I have always been aware of the fact that Joshua Tree National Park is a great place to see the stars. Even before its designation as an International Dark Sky Park in 2017, it was evident to even the most novice stargazer that the night skies there offered a special glimpse of the cosmos. In a desert nearly devoid of light pollution, the universe leapt into sharp focus, the Milky Way elicited gasps of awe and wonder (and an occasional “what is that!?”), the shape of the constellations slowly became apparent to the naked eye. A recent transplant to the desert from Shanghai remarked to me last week that he didn’t even know so many stars existed before coming here.

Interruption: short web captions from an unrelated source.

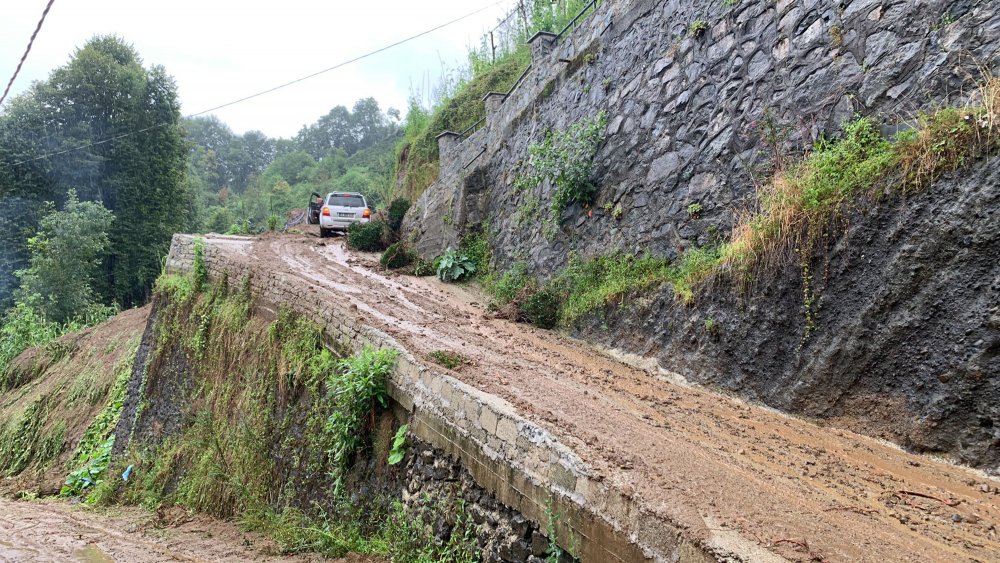 Rize'de sağanak sel ve heyelana neden oldu; 1 ev yıkıldı, 8 ev boşaltıldı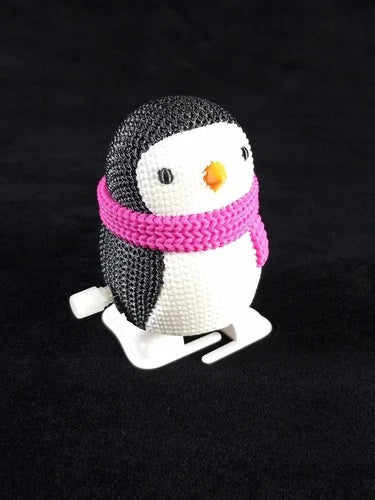 Penguin Crochet Toy Pinguino che cammina giocattolo meccanico con movimento a carica stampato in 3D a colori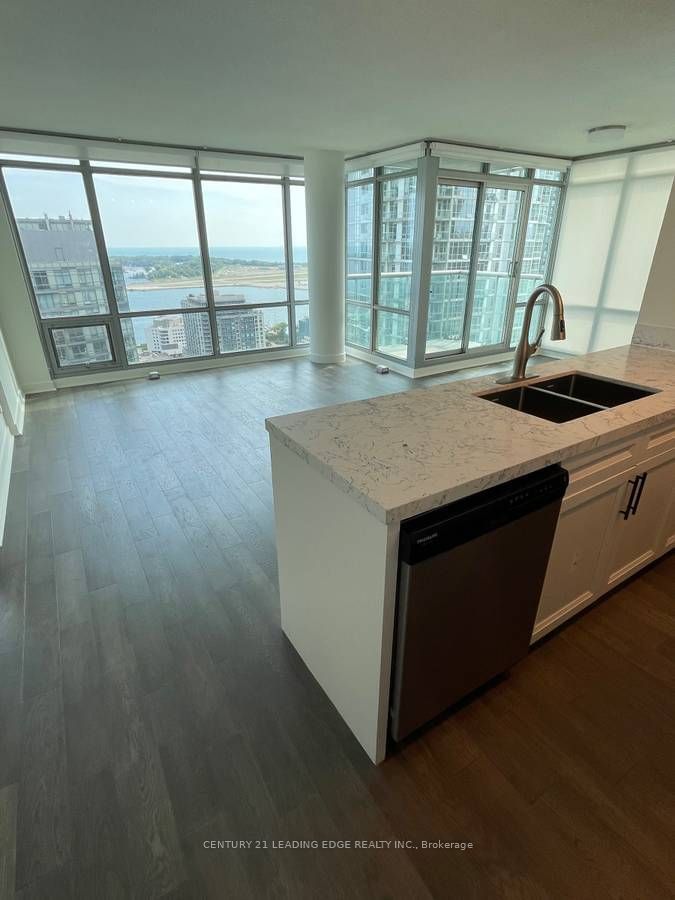 81 Navy Wharf Crt, unit 3305 for rent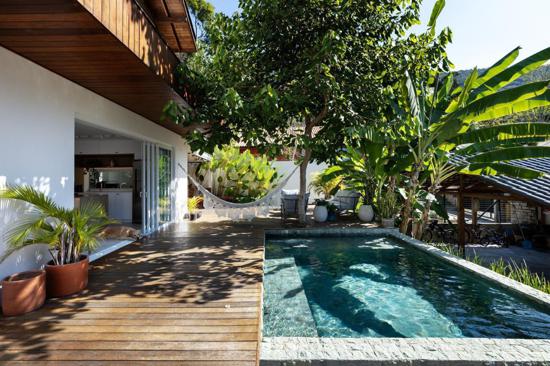 CASA 3 DORMITÓRIOS COM PISCINA EM TAQUARAS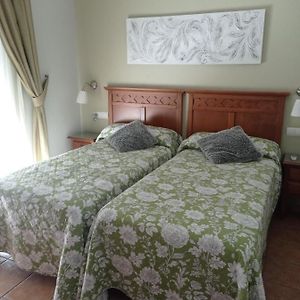 Habitación con 2 Camas Individuales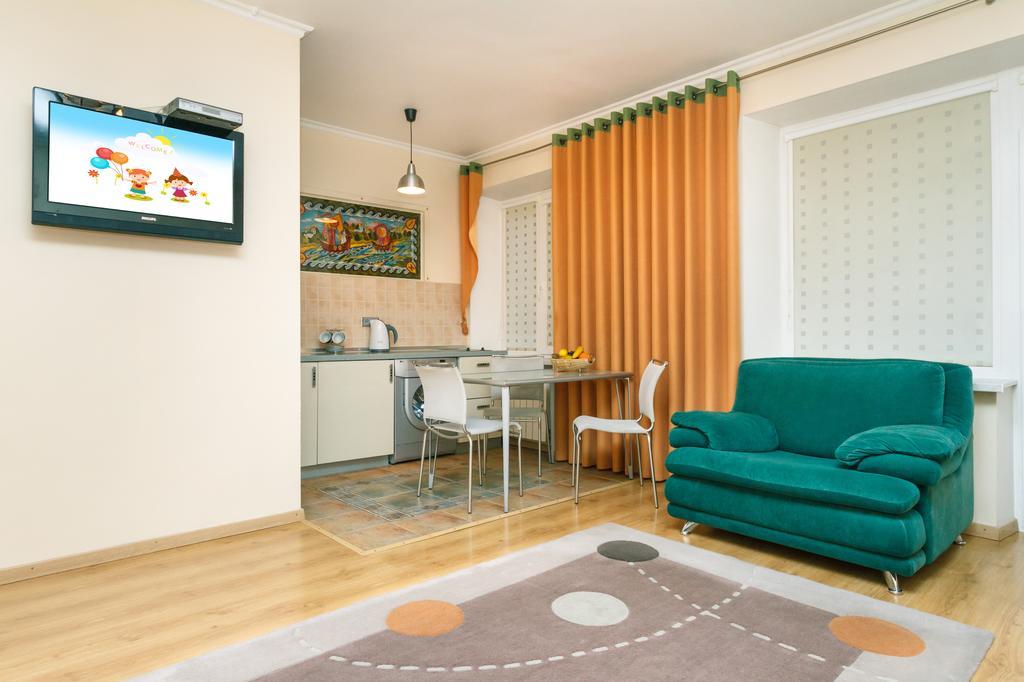 Apartments On Independence Square Kiev Luaran gambar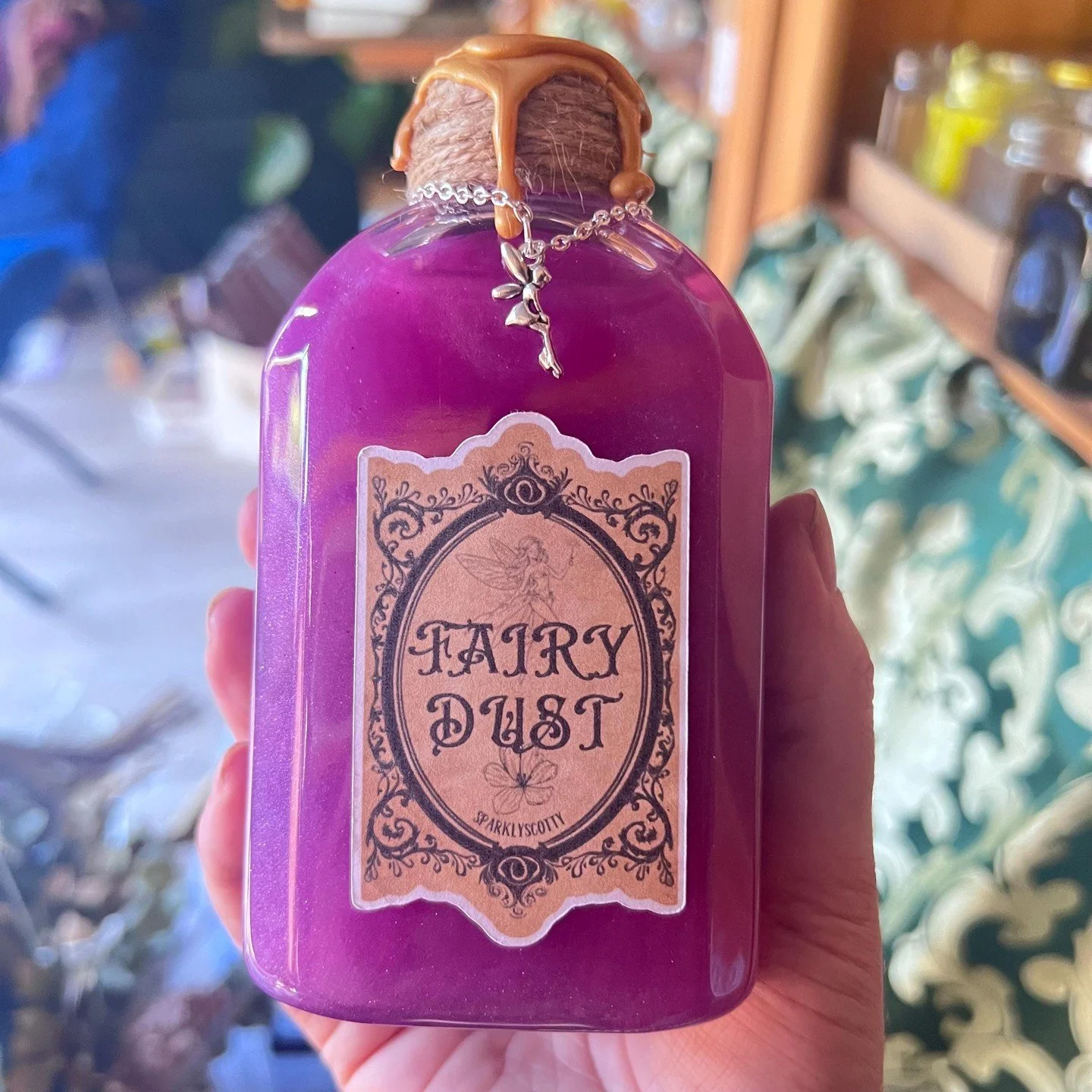 🧚&zwj;♀️✨ Sprinkle a little magic into your space with our Fairydust Decorative Potion Bottle! Perfect for the whimsical souls &amp; fairy lovers in your life. 🎁 Give the gift of enchantment today! Don't miss out - click here for more details: http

My children grew up with these skies. On summer nights we would take blankets out to our driveway in Yucca Valley and lay on them in our driveway for hours, pointing out not only stars and constellations, but the occasional meteor, satellite, and yes, UFO! At least we thought we saw them… It was a given that if the night was clear, the stars were ours. When we moved down to the Coachella Valley recently, one of the first things the kids noticed was that our stars were “gone.” Yes, we can still drive “up the hill” to stargaze, but it’s just not the same.
Unwittingly, when we moved to a more populated area, we joined the millions of people around the world who have NEVER SEEN STARS in abundance. Like my friend from Shanghai, they may not even be aware of their existence, or being aware, just cannot fathom how majestic a sky full of stars can be. Our “night sky reality” is something others can only hope for.
I recently encountered a fellow dark sky acolyte, Pavlo Pakhomenko, via an article in the International Dark Sky magazine. Pavlo is one of those who I’m sure would love to view the stars over Joshua Tree. In fact, seeing the night sky in all its glory has been a dream of his since he was a child. Unfortunately, Pavlo grew up in an area where the stars were not always visible – and his family did not have the means to travel frequently to the countryside. As an adult, he is now able to travel to see the stars and is able to photograph them as well – as long as his armed escort is available. You see, Pavlo lives in Ukraine. He is able to photograph the night skies above his hometown because there is no power, due to the war. The darkness afforded him the opportunity to see the universe in ways he always dreamed of – but at an unimaginable cost.